# **Uber Ride Analytics & ML**

#### **This project turns raw trip logs into answers: Where do we lose rides? Why? Can we predict the outcome before it happens?**

# **What’s inside**

##### Exploratory Analytics: time features, demand patterns, hotspots, and failure points.
##### Clean Visuals (Matplotlib): heatmaps, distributions, top locations/routes, revenue and ratings views.

##### ML Model (scikit-learn): predicts whether a ride will complete using a robust preprocessing pipeline.

##### What you can change: tune the decision threshold to trade precision vs recall, and inspect feature influence.

# **Data at a glance**

## A single CSV (~150k rows) of ride bookings with fields like:

##### When: Date, Booking Time → combined to event_time, plus weekday, hour

##### Outcome: Booking Status (Completed / Cancelled / Incomplete / No Driver)

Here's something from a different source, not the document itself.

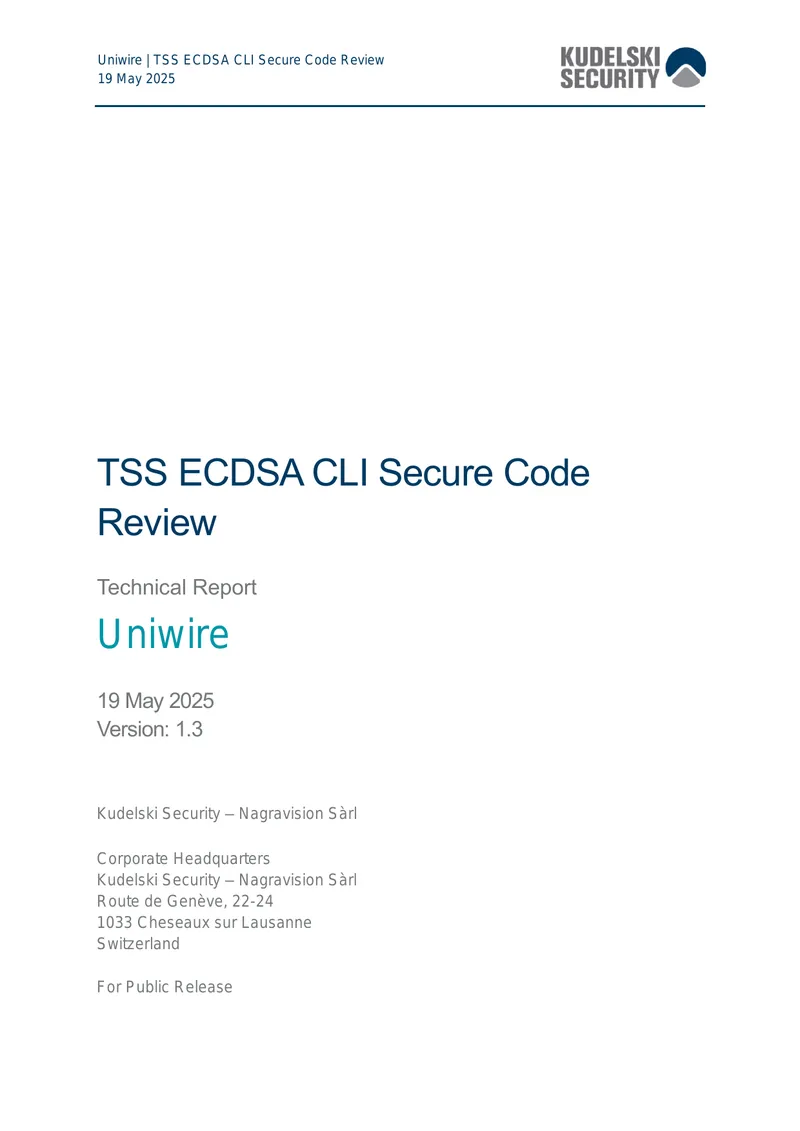 TSS ECDSA CLI Secure Code Review Technical Report preview page 1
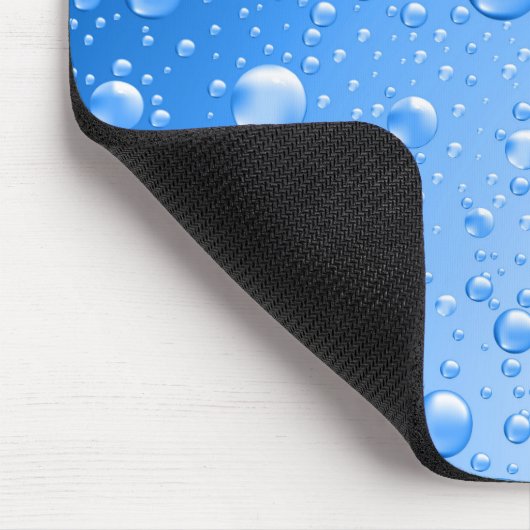 Metallic Sky Blue Rain Drops Mousepad (Ecke)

##### Where/What: Pickup Location, Drop Location, Vehicle Type

##### Value/Distance: Booking Value, Ride Distance, Payment Method

##### Why it failed: Reason for cancelling by Customer, Driver Cancellation Reason

# **Questions I Answer:**

##### When and where is demand highest? (hour × weekday heatmap; daily trends)
##### What fails most often and why? (status mix; top cancellation reasons)
##### Who/what drives revenue? (payment methods, vehicle types, top routes)
##### Can we predict completion before the ride starts? (logistic regression)

# **The ML model (brief)**

### **Goal: estimate the probability that a ride will complete.**

### Pipeline:
##### SimpleImputer → StandardScaler (numerics) + OneHotEncoder (categoricals) → LogisticRegression(class_weight='balanced').

### Features: 
##### hour, weekday, distance, ratings, booking value, vehicle type, trimmed pickup/drop (top-k), payment method.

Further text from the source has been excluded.